What you are asked to do —
Work through the material beneath and count the lines that include "Image"; the answer is that number alone.

Records provided —

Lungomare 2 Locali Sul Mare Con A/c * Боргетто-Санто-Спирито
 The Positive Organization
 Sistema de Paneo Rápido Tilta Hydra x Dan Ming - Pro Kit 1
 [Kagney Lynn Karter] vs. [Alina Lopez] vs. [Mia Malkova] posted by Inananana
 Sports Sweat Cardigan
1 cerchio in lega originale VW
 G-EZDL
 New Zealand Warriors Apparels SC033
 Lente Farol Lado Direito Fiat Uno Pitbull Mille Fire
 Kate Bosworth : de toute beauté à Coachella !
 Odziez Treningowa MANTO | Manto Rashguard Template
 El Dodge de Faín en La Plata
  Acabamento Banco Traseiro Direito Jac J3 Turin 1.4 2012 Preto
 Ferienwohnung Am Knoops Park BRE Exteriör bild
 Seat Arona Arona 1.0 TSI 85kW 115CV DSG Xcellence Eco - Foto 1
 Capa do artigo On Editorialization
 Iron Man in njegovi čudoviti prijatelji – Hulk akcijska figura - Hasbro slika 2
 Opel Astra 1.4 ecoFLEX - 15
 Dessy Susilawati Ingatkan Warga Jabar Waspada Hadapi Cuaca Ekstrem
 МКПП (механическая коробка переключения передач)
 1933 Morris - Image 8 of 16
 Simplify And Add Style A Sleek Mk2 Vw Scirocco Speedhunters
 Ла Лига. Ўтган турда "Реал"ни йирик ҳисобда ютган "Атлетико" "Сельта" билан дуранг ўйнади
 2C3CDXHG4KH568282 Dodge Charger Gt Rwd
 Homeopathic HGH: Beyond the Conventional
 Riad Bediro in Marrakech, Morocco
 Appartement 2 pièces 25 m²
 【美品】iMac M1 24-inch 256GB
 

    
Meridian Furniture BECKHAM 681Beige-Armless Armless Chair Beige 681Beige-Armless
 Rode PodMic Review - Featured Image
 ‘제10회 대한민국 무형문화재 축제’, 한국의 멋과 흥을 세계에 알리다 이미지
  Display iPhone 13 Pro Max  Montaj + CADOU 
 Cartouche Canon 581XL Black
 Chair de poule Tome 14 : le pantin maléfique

Answer for the task —
2